By: Lou Grilli, Senior Innovation Strategist, PSCU
The term “faster payments” is popping up more frequently – not just in payments-specific trade publications, but in the mainstream media as well – as discussions focus on the need to send money to consumers and businesses directly, accurately and quickly in the digital age. Frequently, this term is used interchangeably with “real-time payments” or “immediate payments.” However, there are not-so-subtle differences between these terms and the payment systems they represent, which are important when it comes to credit union members receiving and spending money in their accounts, as well as how much it costs the member to send a payment and the potential for fraud.
Some payment forms that look like they take place in real-time are not always what they appear. Here are some basic guidelines for real-time and faster payments terminology:
- Real-time payments (RTP) has a very specific meaning. Some of the words associated with real-time payments are “finality,” “irrevocable” and “milliseconds.” The settlement of a real-time payment transaction (moving the money from the sender’s account to the recipient’s account) happens at the same time as the payment authorization. Both occur within milliseconds after the payment is approved. The payment then cannot be stopped or reversed once it’s approved. The Clearing House’s RTP network, as well as the Federal Reserve Board’s FedNow, closely mirror the RTP definition. One use case for RTP is to replace wire transfers for big purchases such as a car or boat – however, RTP has a maximum of $100,000 which limits its applicability for real estate closings. Other uses include paying a gig economy worker (e.g. an Uber Eats delivery driver) at the end of their shift, or a B2B transaction for supplies and services.
- The Automated Clearing House’s (ACH) Same Day ACH faster payments network literally connects to every debit account in the U.S. Many people rely on this network for their direct deposit paychecks and online bill-pay transactions. Standard ACH transactions take 2-3 days from request and authorization to settlement. A few years ago, ACH added the ability for settlement to occur on the same day as the authorization. Taking a few hours instead of a few days is certainly faster – although this technically is not a real-time payment. Insurance companies are taking advantage of Same Day ACH to send disbursements out to settle a claim, a use case that has become more relevant now that the maximum Same Day ACH payment amount has increased to $250,000.
- Another faster payments format has many names: debit push payments, push-to-card payments and Originating Credit Transactions (OCT). They all mean using a debit card “in reverse.” Instead of making a payment using a debit card, which pulls funds from a checking account, the payment is pushed directly into the cardholder’s checking account using their debit card number. If you’ve ever moved money from your Venmo, Apple Cash, Google Pay or PayPal account and chose the express option or Pay-Me-Now feature for an extra charge, you were likely using this faster payments format without realizing it.
- Person-to-person (P2) payments, which have seen a surge since March, are for many consumers the first exposure to what they perceive as a real-time payment.

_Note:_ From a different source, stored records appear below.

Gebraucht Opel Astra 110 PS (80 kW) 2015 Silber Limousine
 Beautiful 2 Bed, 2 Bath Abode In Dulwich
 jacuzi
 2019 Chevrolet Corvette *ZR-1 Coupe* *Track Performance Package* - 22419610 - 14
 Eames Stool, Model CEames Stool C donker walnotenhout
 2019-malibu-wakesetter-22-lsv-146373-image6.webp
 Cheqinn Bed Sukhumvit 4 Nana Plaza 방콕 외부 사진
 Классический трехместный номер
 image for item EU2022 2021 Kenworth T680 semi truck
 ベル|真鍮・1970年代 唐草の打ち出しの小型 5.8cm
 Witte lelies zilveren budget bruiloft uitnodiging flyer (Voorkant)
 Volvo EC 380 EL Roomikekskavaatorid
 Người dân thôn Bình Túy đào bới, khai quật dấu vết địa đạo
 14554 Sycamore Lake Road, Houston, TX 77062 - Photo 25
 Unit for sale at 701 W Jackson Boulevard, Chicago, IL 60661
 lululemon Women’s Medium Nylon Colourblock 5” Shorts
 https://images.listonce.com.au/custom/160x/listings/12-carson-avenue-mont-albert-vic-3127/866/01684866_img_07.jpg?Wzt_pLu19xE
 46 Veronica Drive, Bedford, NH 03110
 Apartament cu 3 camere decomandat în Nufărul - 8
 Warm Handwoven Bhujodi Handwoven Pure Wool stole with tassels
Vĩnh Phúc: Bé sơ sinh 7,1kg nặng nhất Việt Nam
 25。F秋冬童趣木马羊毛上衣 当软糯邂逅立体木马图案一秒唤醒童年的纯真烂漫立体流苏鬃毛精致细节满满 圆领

The P2P app delivers an immediate notification to both the sender and the recipient, which gives the impression of a real-time payment. However, moving the actual funds from the sender’s account to the recipient’s account, and making those funds available for the recipient to spend elsewhere, can take hours to days, depending on how the P2P app moves money. Some P2P apps are planning to move transactions onto a true real-time payments network, so this may change over time.
Many use cases can be applied across several faster payments formats. Payroll still dominates standard ACH, but some payroll transactions, such as catch-up payments, have moved to RTP and some to debit push payments. Business disbursements to consumers, including rebates, are capitalizing on Same Day ACH and debit push. Each payment method has different costs and, in some cases, the decision of which method to use is based on what information is available to the sender. ACH and RTP require an account number, debit push payments require knowing the debit card number, and P2P only requires an email address or phone number. The decision may also be based on how fast the funds need to be made available to the recipient (milliseconds, minutes, hours or days). These are all varying degrees of faster payments – but don’t confuse real-time with faster.
Lou Grilli is a senior innovation strategist at PSCU, tasked with building and shaping a superior payment and member experience capability for PSCU and its Owner credit unions. Grilli’s long career in payments includes product management, product development and thought leadership in credit, debit, loyalty, mobile payments and digital wallets. He has spent the last six years in roles dedicated to the credit union industry.